▸ **Exercise objective**
In this exercise, the entries below include pictures. Repeat exactly the lines from the line with "200cm Wide Heavy" to the line with "fleur straight leg pants - turmeric linen", including both, but without the pictures.

▸ **Listed records**
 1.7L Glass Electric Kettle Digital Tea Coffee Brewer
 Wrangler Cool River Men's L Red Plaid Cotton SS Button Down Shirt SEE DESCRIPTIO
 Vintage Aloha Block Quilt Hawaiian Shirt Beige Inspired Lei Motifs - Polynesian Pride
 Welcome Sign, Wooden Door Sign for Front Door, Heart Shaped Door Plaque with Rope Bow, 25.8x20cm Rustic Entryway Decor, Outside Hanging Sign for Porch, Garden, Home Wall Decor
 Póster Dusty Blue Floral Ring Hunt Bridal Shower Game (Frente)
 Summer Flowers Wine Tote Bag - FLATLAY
...
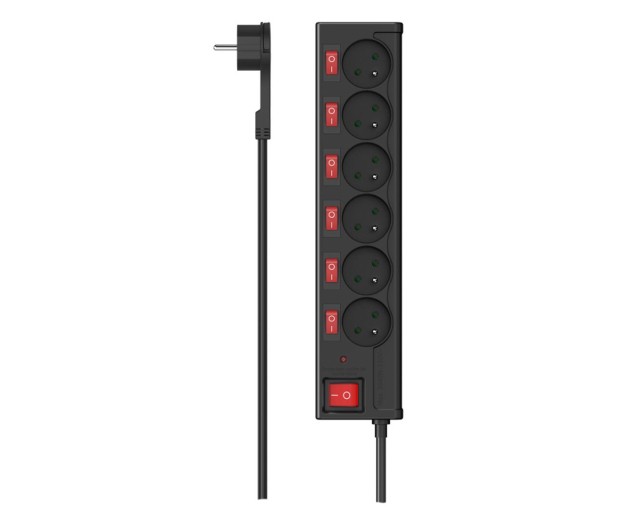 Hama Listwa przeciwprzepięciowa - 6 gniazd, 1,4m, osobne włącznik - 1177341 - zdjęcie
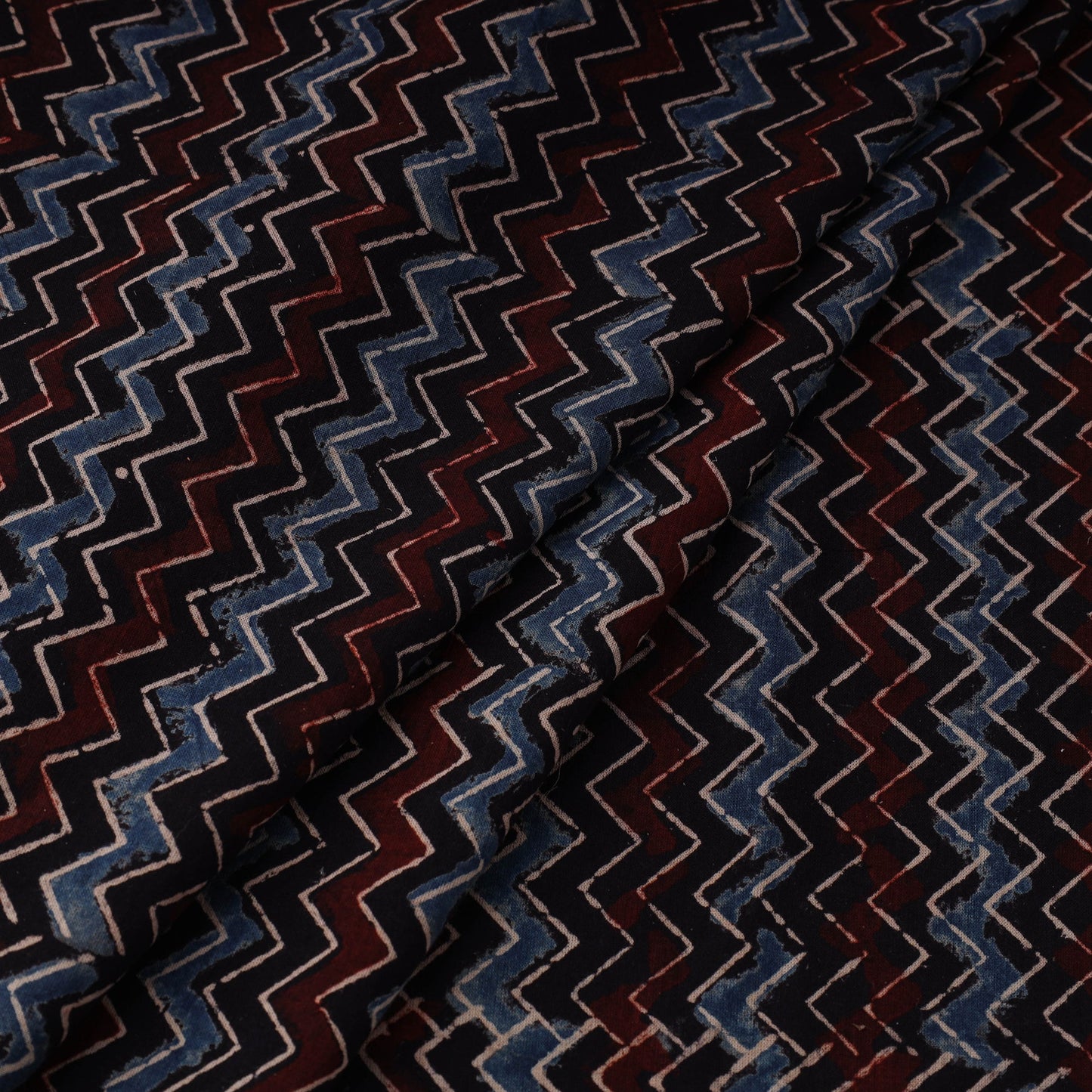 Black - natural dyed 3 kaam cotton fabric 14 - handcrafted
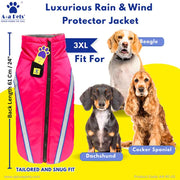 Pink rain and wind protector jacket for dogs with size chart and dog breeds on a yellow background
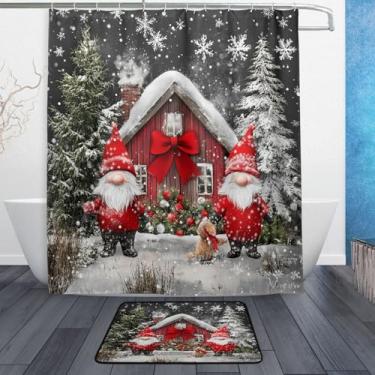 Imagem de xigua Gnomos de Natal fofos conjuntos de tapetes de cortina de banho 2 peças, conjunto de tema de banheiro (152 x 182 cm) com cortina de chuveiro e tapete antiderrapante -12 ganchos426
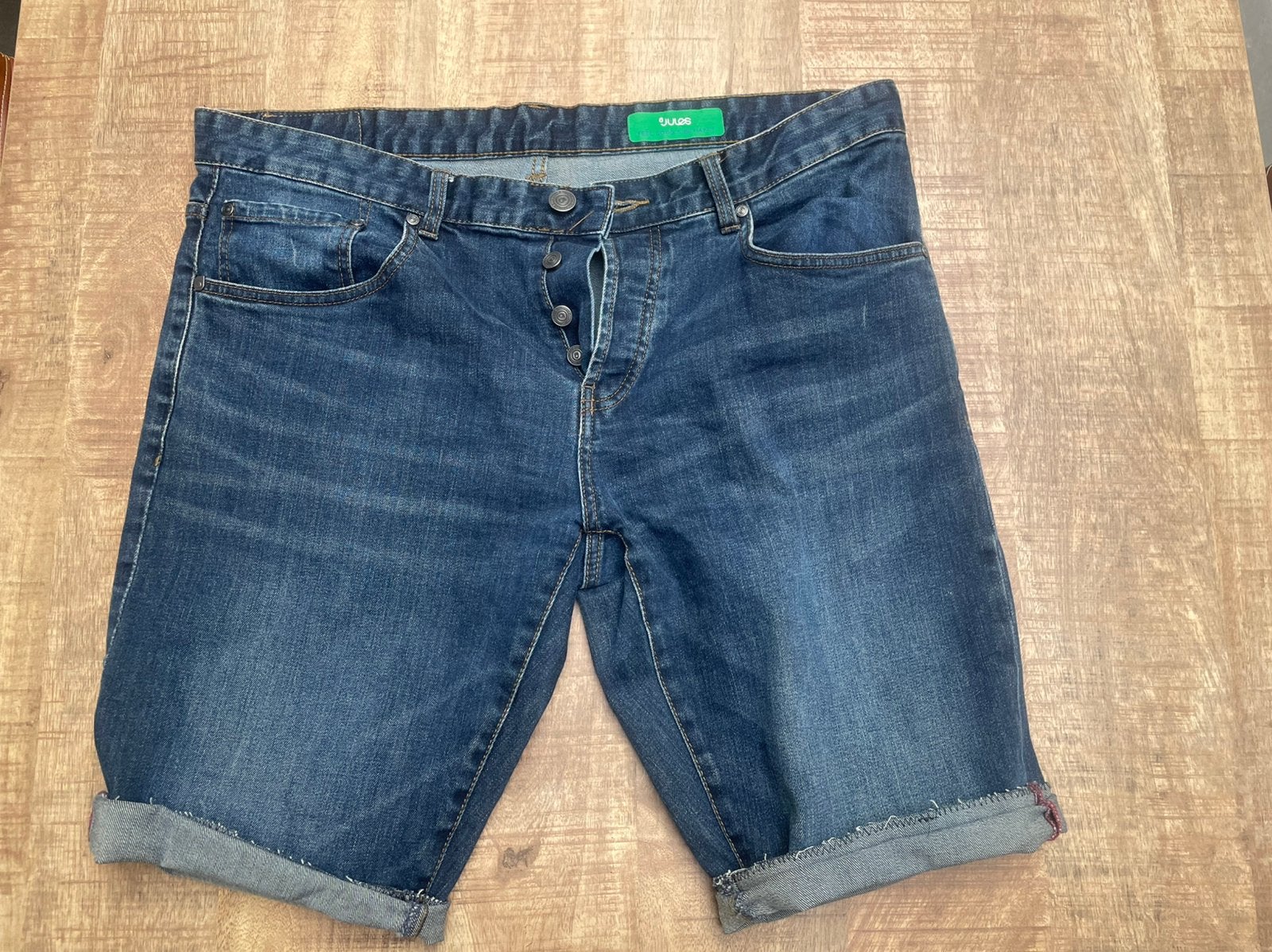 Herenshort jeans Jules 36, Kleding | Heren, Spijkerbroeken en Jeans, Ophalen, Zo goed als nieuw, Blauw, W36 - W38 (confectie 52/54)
==
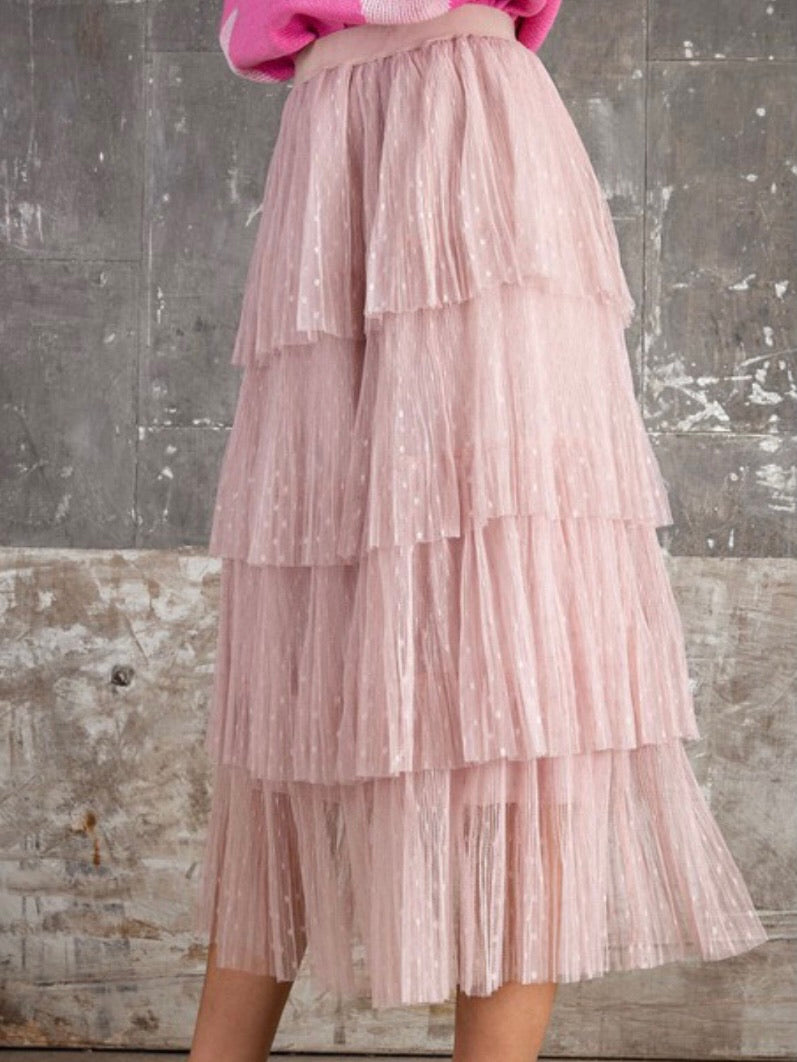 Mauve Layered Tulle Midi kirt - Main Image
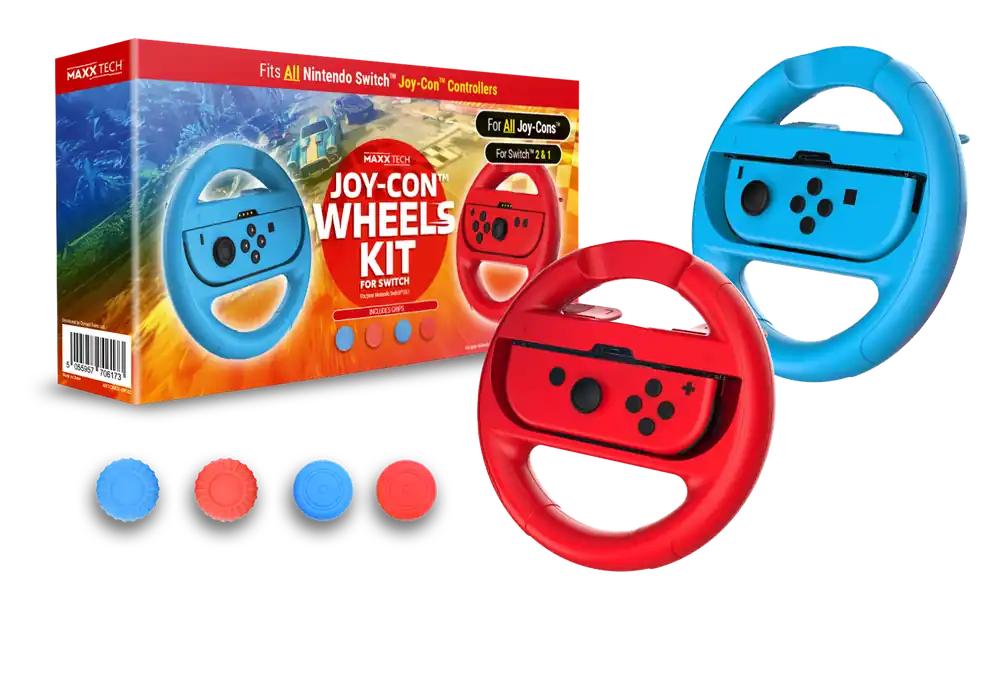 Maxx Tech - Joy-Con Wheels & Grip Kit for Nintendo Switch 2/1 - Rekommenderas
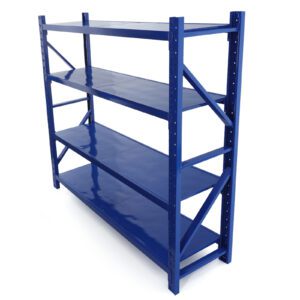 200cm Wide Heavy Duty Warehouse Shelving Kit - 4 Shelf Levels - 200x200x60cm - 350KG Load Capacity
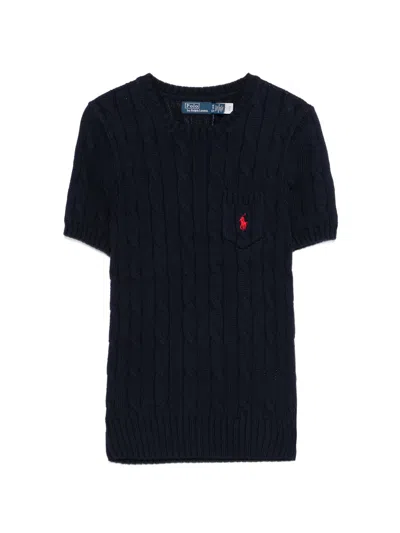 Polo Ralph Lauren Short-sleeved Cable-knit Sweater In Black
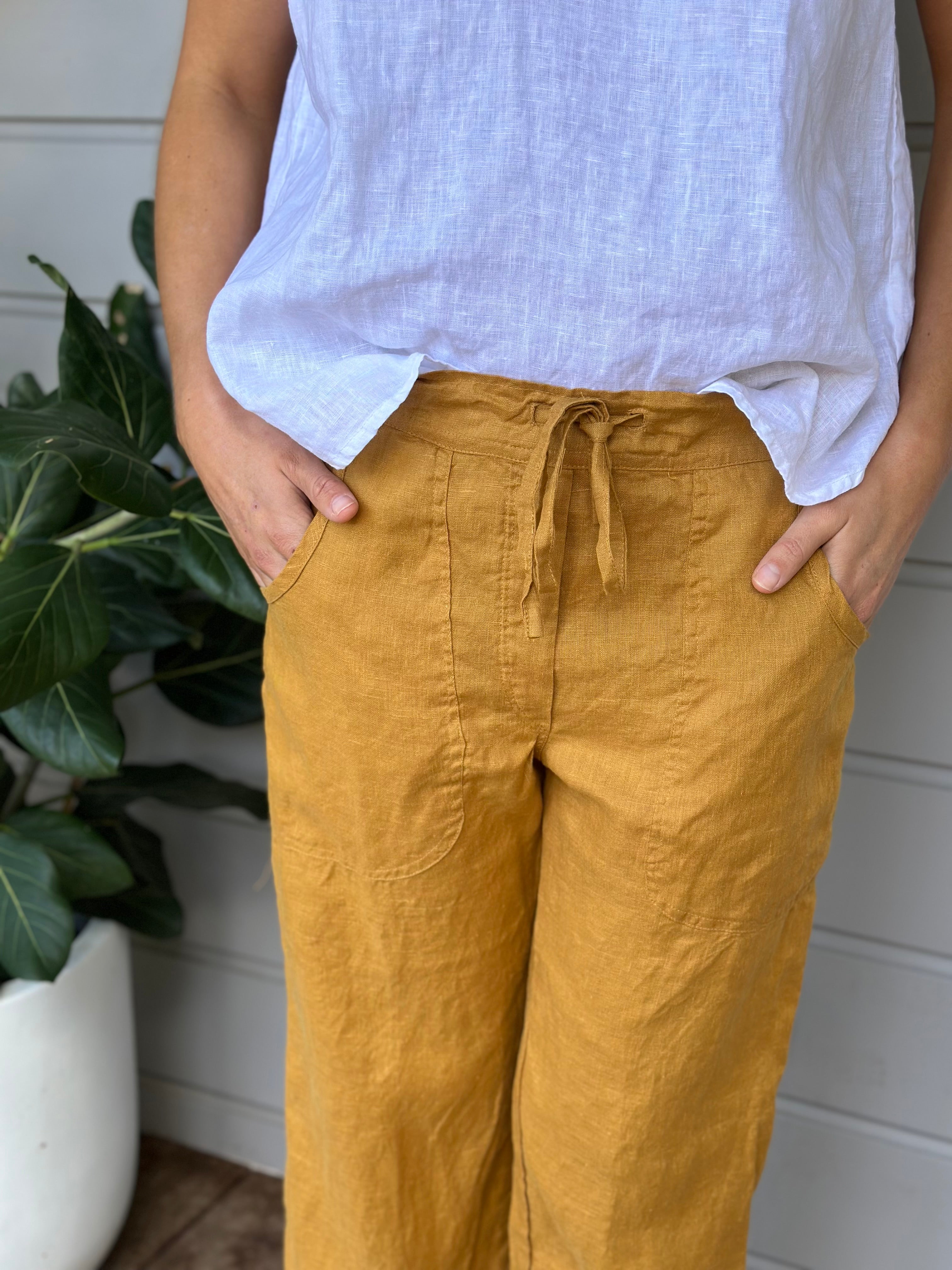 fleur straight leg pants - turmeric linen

▸ **Solution for this exercise**
 200cm Wide Heavy Duty Warehouse Shelving Kit - 4 Shelf Levels - 200x200x60cm - 350KG Load Capacity
 Polo Ralph Lauren Short-sleeved Cable-knit Sweater In Black
 fleur straight leg pants - turmeric linen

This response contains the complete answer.